## Work instruction
Say how many lines in the following data hold the word "size". Write nothing but that number.

----

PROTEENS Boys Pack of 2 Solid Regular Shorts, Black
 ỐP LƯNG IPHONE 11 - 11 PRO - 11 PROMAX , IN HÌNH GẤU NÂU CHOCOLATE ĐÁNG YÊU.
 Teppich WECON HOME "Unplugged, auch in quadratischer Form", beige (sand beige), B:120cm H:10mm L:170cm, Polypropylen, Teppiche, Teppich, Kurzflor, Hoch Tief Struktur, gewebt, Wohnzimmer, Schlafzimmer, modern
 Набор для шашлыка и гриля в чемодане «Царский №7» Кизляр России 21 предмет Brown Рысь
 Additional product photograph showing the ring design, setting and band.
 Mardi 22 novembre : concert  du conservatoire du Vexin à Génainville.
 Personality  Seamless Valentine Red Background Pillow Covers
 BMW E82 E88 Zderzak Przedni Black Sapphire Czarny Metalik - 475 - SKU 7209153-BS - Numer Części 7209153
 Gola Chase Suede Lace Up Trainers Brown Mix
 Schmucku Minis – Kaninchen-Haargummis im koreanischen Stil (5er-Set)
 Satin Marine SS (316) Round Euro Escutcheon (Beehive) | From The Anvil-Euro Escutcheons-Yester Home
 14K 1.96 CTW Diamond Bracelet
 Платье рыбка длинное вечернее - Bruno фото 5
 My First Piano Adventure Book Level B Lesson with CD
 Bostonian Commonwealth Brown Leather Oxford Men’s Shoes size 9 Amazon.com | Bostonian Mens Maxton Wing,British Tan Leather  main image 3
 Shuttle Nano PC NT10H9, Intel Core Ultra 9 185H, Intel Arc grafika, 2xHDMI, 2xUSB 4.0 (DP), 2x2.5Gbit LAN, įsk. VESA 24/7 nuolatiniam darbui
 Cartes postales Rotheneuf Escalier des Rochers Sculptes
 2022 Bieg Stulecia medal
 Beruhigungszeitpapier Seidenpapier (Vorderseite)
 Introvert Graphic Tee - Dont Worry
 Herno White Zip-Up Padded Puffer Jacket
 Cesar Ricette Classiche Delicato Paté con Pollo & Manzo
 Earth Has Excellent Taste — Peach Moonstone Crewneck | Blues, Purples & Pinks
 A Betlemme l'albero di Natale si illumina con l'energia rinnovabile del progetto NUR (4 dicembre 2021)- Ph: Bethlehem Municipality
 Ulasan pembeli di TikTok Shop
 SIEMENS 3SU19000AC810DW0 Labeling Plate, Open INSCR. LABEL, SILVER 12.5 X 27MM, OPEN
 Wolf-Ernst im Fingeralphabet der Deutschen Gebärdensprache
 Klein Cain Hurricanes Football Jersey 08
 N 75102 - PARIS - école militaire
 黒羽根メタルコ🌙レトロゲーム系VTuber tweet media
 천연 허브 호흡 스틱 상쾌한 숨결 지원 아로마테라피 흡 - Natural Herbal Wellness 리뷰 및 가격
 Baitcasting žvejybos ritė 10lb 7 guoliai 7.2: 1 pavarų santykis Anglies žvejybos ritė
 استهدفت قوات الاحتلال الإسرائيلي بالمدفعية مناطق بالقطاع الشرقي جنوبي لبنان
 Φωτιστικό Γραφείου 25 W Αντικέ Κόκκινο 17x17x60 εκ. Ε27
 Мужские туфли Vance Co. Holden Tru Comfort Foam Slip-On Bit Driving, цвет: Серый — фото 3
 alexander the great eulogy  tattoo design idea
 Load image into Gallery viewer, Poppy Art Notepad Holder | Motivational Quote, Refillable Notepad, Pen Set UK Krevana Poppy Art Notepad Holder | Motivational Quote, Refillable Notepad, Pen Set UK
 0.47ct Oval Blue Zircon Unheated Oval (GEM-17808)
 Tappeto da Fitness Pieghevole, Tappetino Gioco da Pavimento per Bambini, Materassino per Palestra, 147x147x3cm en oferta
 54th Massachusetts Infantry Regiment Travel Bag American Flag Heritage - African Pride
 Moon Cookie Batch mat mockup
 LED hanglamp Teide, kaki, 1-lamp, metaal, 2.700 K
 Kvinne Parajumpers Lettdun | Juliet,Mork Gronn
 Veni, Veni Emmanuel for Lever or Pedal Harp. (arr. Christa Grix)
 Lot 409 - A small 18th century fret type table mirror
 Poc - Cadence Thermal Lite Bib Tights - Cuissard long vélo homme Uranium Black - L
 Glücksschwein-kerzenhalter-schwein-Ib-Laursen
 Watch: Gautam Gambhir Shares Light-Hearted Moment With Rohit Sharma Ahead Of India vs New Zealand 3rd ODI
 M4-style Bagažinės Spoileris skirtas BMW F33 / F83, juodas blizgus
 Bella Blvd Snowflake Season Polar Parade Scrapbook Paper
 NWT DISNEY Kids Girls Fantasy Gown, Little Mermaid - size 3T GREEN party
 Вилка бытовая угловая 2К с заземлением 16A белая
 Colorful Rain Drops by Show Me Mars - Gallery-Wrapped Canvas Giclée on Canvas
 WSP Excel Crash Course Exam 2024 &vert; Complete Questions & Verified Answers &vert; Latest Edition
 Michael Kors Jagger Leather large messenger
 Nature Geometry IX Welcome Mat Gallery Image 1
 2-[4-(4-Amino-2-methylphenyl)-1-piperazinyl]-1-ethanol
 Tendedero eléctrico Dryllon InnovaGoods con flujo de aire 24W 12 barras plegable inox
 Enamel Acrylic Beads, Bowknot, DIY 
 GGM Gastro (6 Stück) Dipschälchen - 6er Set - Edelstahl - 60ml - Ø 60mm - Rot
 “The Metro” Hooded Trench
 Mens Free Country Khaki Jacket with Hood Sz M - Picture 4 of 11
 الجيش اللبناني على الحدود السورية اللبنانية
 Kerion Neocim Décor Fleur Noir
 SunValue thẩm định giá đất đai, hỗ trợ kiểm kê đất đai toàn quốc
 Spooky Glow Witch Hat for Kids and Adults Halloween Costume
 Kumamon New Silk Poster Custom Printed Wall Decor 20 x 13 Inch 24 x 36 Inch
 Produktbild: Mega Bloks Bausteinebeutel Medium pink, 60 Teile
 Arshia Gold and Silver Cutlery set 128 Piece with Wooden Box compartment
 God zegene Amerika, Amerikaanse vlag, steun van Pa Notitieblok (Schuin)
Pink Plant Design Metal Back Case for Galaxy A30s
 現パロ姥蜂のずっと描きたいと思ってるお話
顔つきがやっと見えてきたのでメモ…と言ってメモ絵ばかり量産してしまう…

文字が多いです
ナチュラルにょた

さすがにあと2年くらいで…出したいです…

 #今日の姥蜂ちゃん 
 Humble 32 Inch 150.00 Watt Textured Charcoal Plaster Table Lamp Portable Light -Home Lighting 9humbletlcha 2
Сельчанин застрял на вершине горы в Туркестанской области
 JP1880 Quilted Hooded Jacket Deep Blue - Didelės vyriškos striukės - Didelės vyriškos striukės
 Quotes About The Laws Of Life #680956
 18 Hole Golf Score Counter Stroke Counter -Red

----

## Response
2